Darren Agonistes Cross is a fictional supervillain appearing in American comic books published by Marvel Comics. He is the archenemy of Scott Lang (the second superhero to be called Ant-Man), and the cousin of Crossfire.

In the Marvel Cinematic Universe, the character was portrayed in live-action by Corey Stoll in the 2015 film Ant-Man as Yellowjacket (a concept later integrated into the comics with the character as the third version of Yellowjacket in the Marvel Universe), and in the 2023 film Ant-Man and the Wasp: Quantumania as M.O.D.O.K.

Publication history
Darren Cross debuted in Marvel Premiere #47 (April 1979), and was created by John Byrne and David Michelinie. The character made his first appearance as Yellowjacket in The Astonishing Ant-Man #12 (September 2016), which was written by Nick Spencer and illustrated by Brent Shoonover.

Fictional character biography
Darren Cross is a millionaire and the founder of a successful corporation, which rivals top competitors. He is the first cousin of Crossfire, and the father of Augustine Cross. 

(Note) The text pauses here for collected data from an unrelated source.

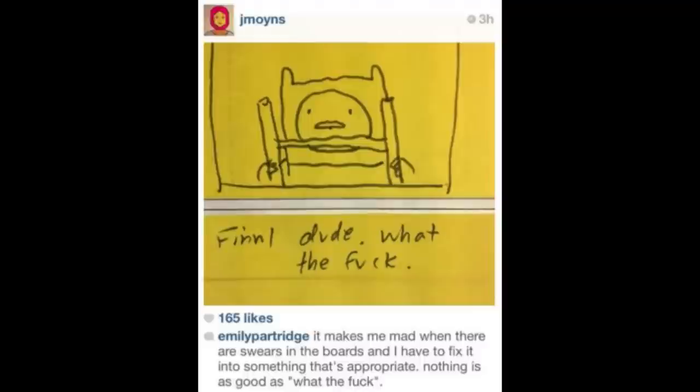Swears and Storyboards: This entry may be referencing an image posted by Emily Partridge, a storyboardist for the show, reading: "It makes me mad when there are swears in the boards and I have to fix it into something that's more appropriate. Nothing is as good as 'what the fuck.'"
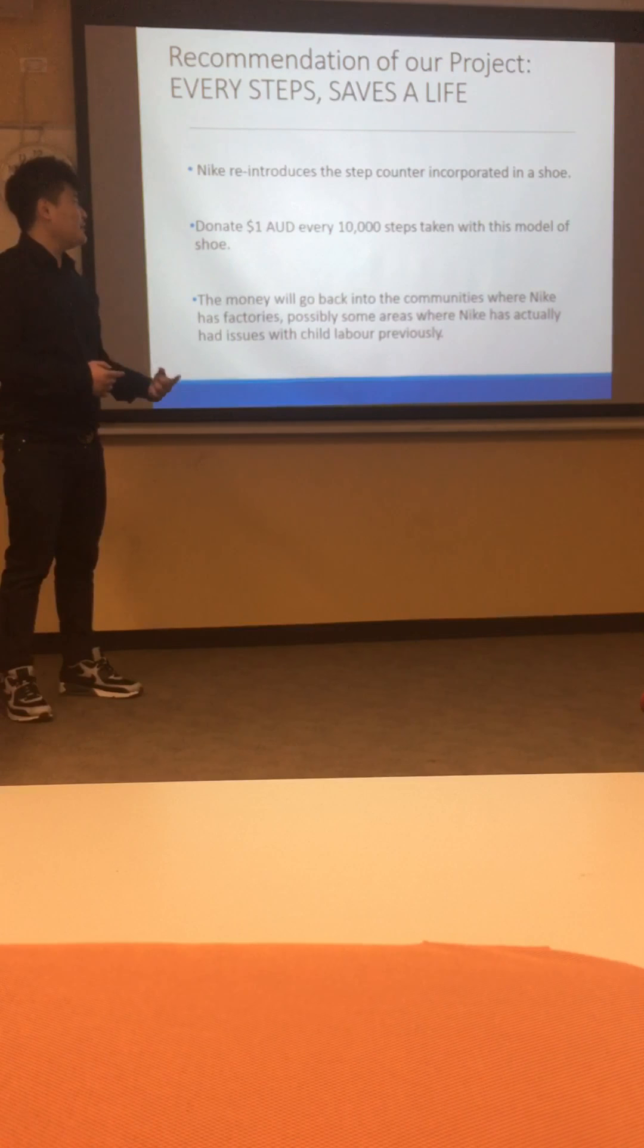So what is the main reason that has caused child labor? There are two main reasons, which is the poverty and the lack of education.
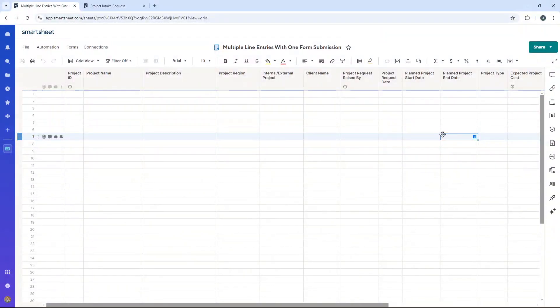Are you wondering how to create multiple line entries with one form submission? Well, if that's the case you've come to the right place, because in this video I am going to be sharing with you the very best alternative.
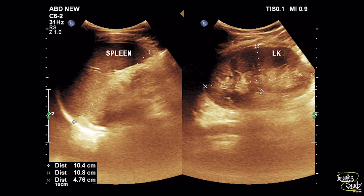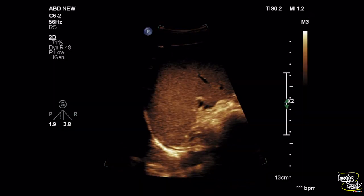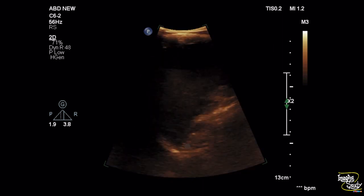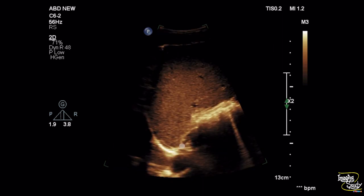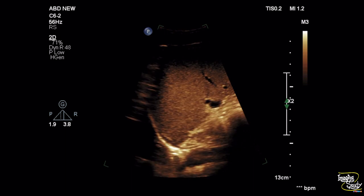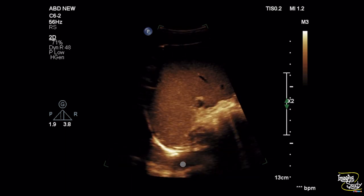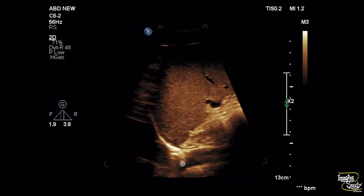If you look at the left kidney it looks normal in size but the echogenicity is quite increased if you compare it with the adjacent spleen. If you look carefully at the upper pole of the spleen, you may see a small amount of collection noted at the left pleural cavity, indicating left-sided pleural effusion.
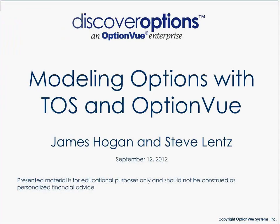Hello everyone, Steve Lentz here with Discover Options. I'm here with James Hogan with OptionView. He's one of the consultants we have that helps folks with the software, the OptionView 7 software. We're here to discuss modeling options with both Thinkorswim and OptionView and generally to understand the differences between the two systems. James, you want to introduce yourself and maybe let's get right into it here.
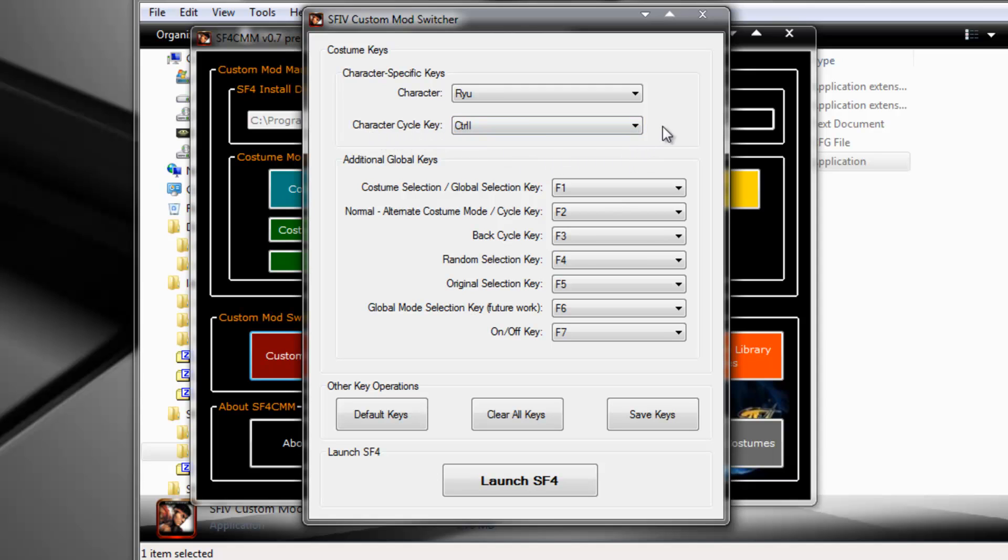Visual feedback would require me to make some DirectX programming and that's way too advanced and way too hard to make in a short amount of time that I had. I made Custom Mod Manager in about a week or so. So I decided to use a voice synthesizer in order to give people audio feedback instead of visual feedback.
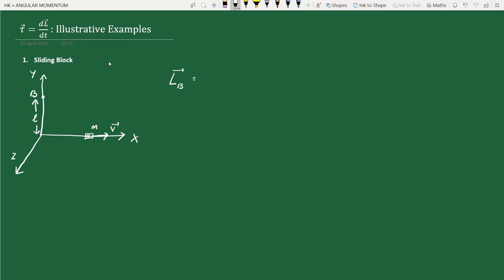We need the position vector from the origin to the body. Let's call it r_B. The angular momentum L_B equals r_B cross linear momentum, which is m times v. From the figure, the cross product r_B cross v has an anti-clockwise sense of rotation, so applying the right-hand rule, the direction of angular momentum is along the plus z-direction.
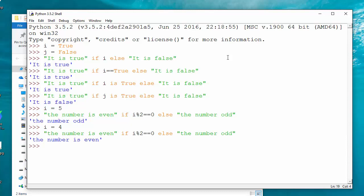That's how the ternary operator or ternary conditional operator, whatever you say, works in Python. That's all for now. I'm going to come with another beginner level tutorial for you, and till then, stay tuned.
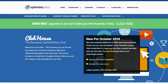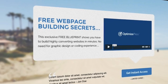Hi there, David here with an OptimizePress Clubhouse update for you. In today's video we've got eight brand new templates ready for you to go and download inside the Clubhouse.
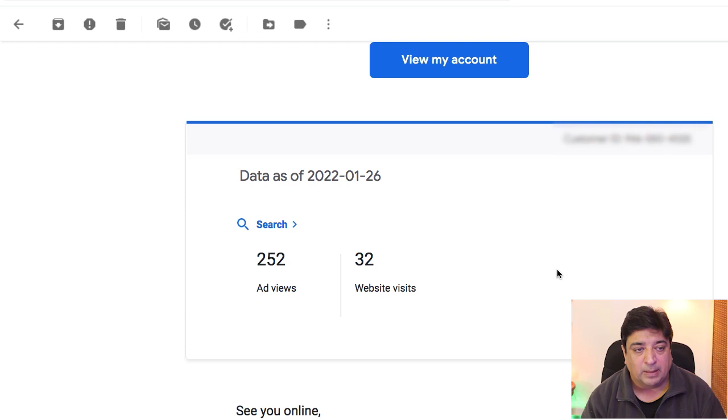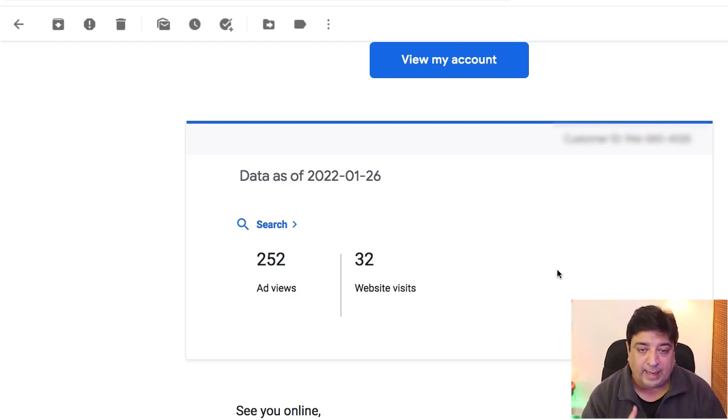We created a campaign to drive traffic to our website infamous.com, and in another Google Ads video we learned how to create an effective YouTube ad. Now, looking at my screen, I just received an email from Google Ads — this is the result of one day of ad activity.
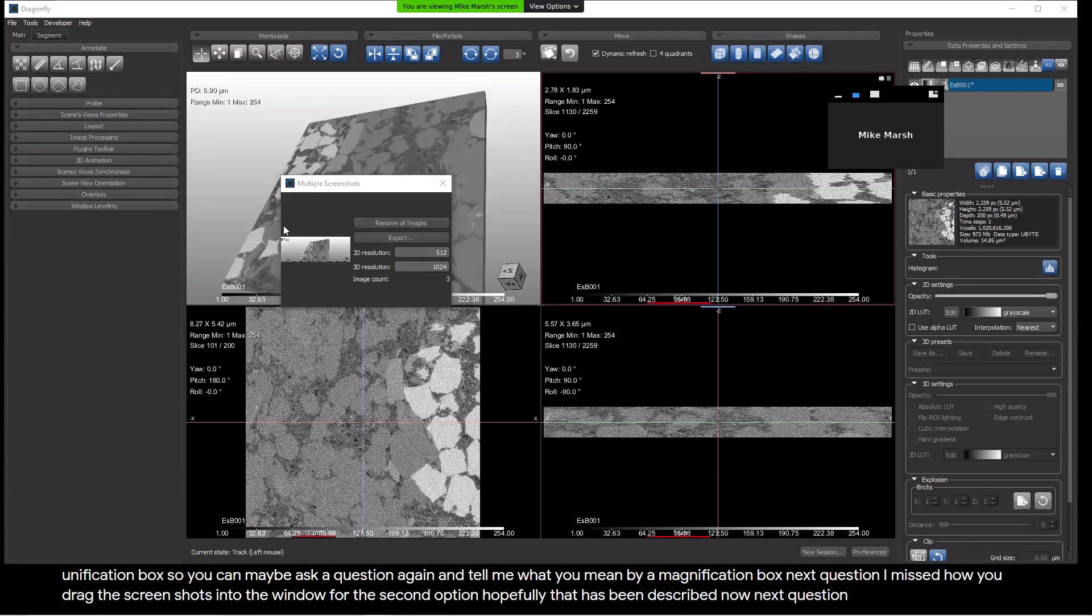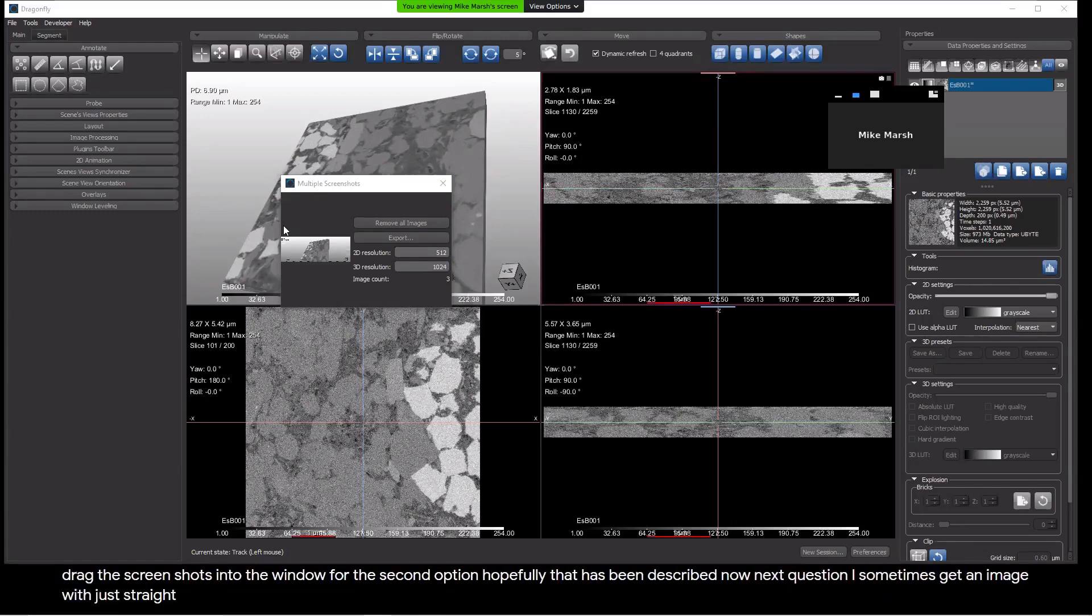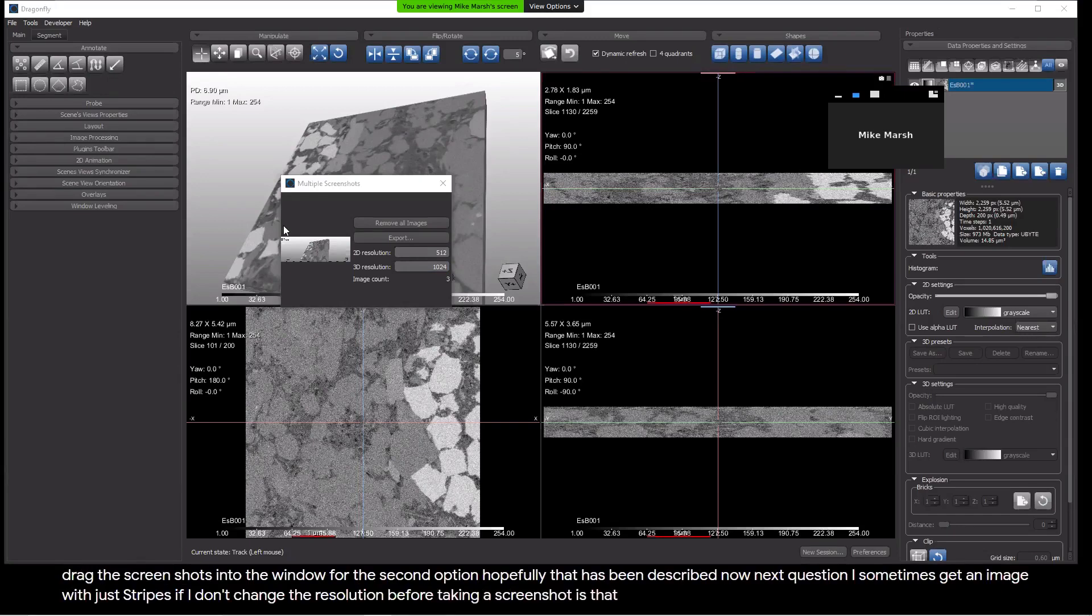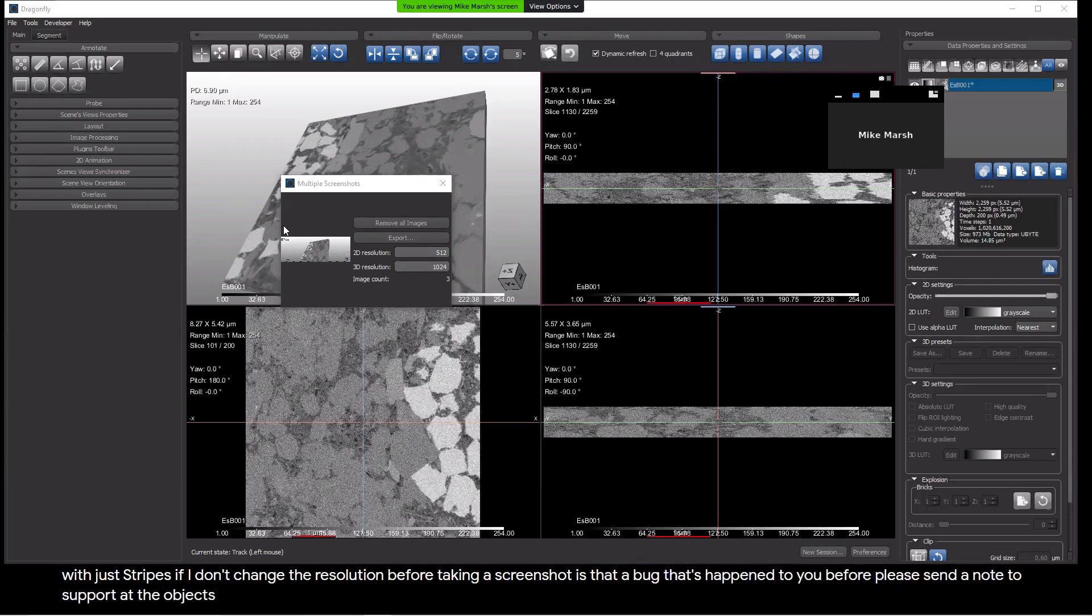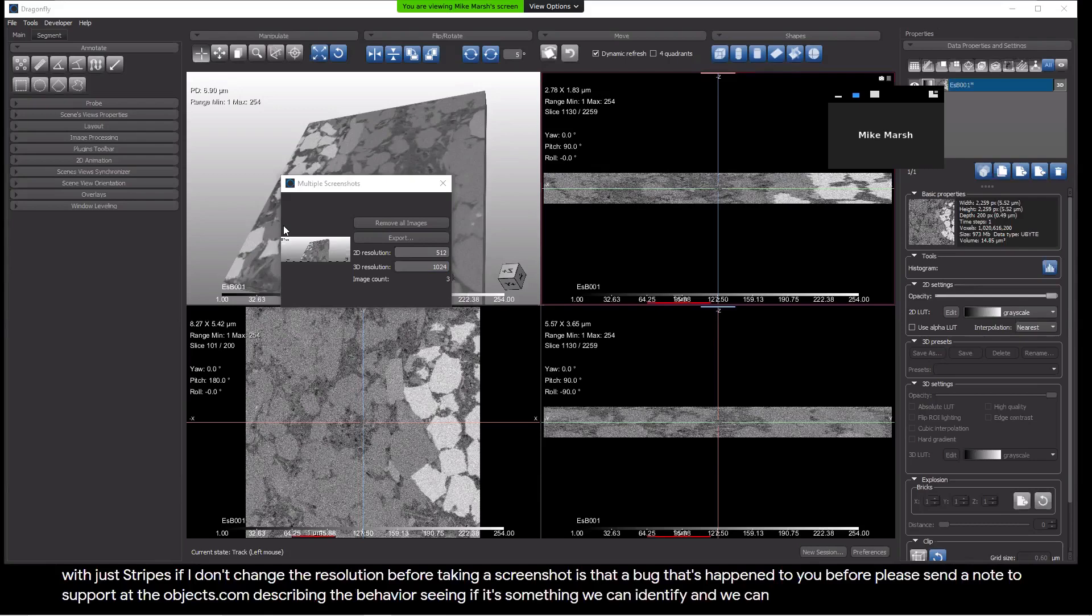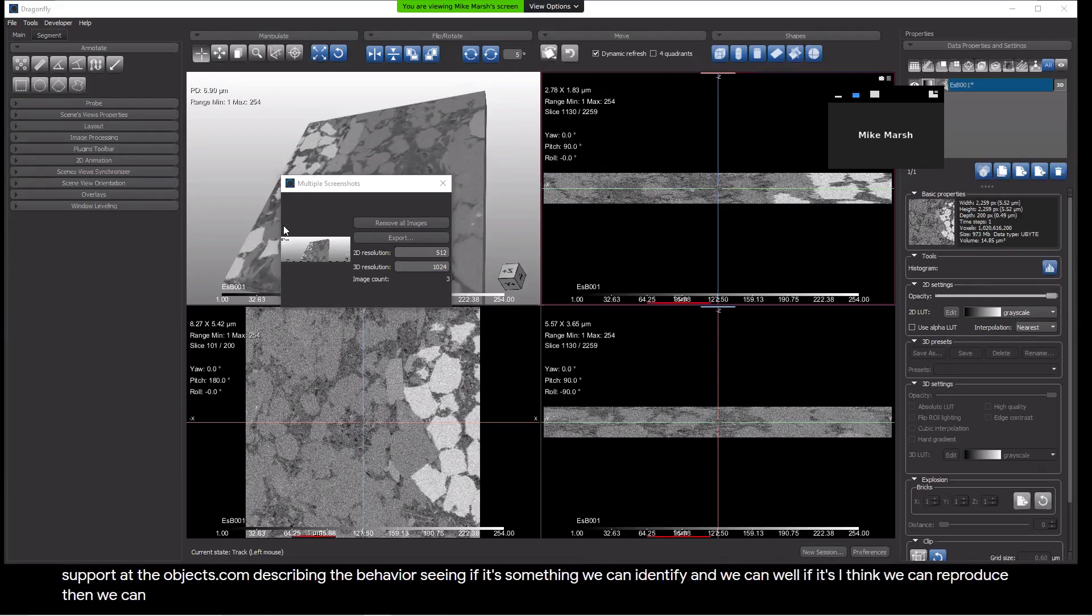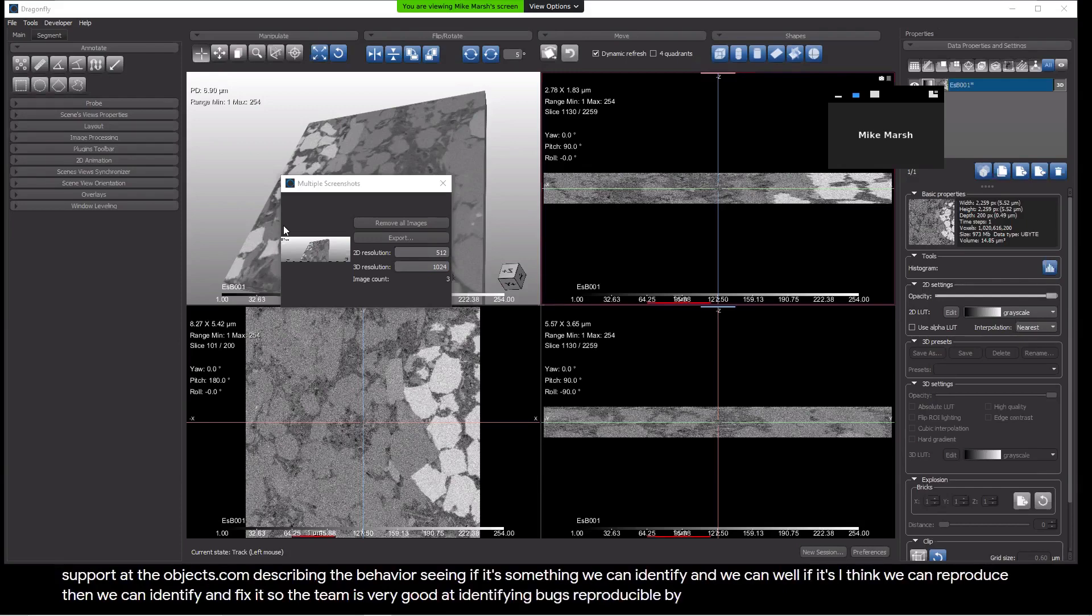Next question. I sometimes get an image with just stripes if I don't change the resolution before taking a screenshot. Is that a bug that's happened to you before? Please send a note to support at theobjects.com describing the behavior you're seeing. If it's something we can identify and we can reproduce, then we can identify it and fix it. So the team is very good at identifying bugs, reproducible bugs, and fixing.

Cross was diagnosed with a heart condition due to overwork, and had to use an experimental nucleorganic pacemaker in order to save his life. The pacemaker was a success but enhanced Cross's circulatory system, mutating his body and giving him superhuman abilities. With a side effect that overuse causes the burning out of his heart, Cross went through various heart transplants, which led him to capture surgeon Dr. Erica Sondheim to replace his heart and to abduct "donors" from the slums. This attracted Scott Lang's attention of the second Ant-Man looking for Sondheim in order to save his own daughter's life. The resulting battle with Lang burned out Cross's heart, as Sondheim had reimplanted his old, worn-out heart prior to Lang crashing the surgery.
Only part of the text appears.